A baby girl was born on FDR Drive Tuesday morning, police said, as several detectives combined to help deliver her inside a car on the shoulder.
Her 39-year-old mother was on her way to the hospital just before 7:50 a.m. but the little girl, named Nicola, didn’t feel like waiting.
“There was a wonderful reason for this morning’s FDR traffic!” the NYPD tweeted. “Say hi to Nicola Wong, safely delivered by NYPD cops.”

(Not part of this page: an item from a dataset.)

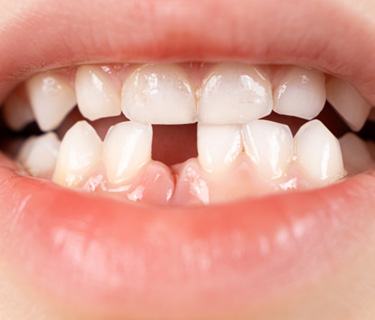 Patient in Fort Worth with tooth gaps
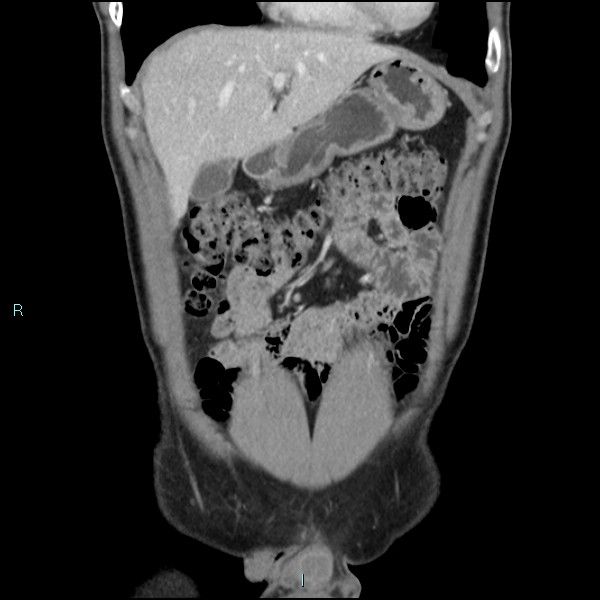 Adrenal cystic lymphangioma (Radiopaedia 83161-97534 Coronal C+ portal venous phase 20).jpg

Det. Michael Sharpe, part of the collision investigation squad, was on his way to traffic court when he got a call saying a woman was in labor on the busy highway “right now,” police said. But when he got to 20th Street, where the 911 dispatcher told him to go, she was nowhere to be seen.
Sharpe drove north, police said, and finally saw her gold Subaru Forrester parked on the shoulder near 47th Street. When he opened the passenger door, little Nicola’s head was already crowning.
He jumped into action and helped the woman give birth as he waited for more officers to help. Highway Unit officers then arrived to clear the baby’s airway. Emergency Services Unit Det. Robert Mirsield and his partner, Det. Joe Conway, cut the umbilical cord and assisted with liquid suction, police said.
They then flagged down an ambulance on the highway, which took mom and baby to New York-Presbyterian/Weill Cornell Medical Center.
“Happy Birthday Nicola W!” the department’s Special Operations Division tweeted. “7lbs 6oz.”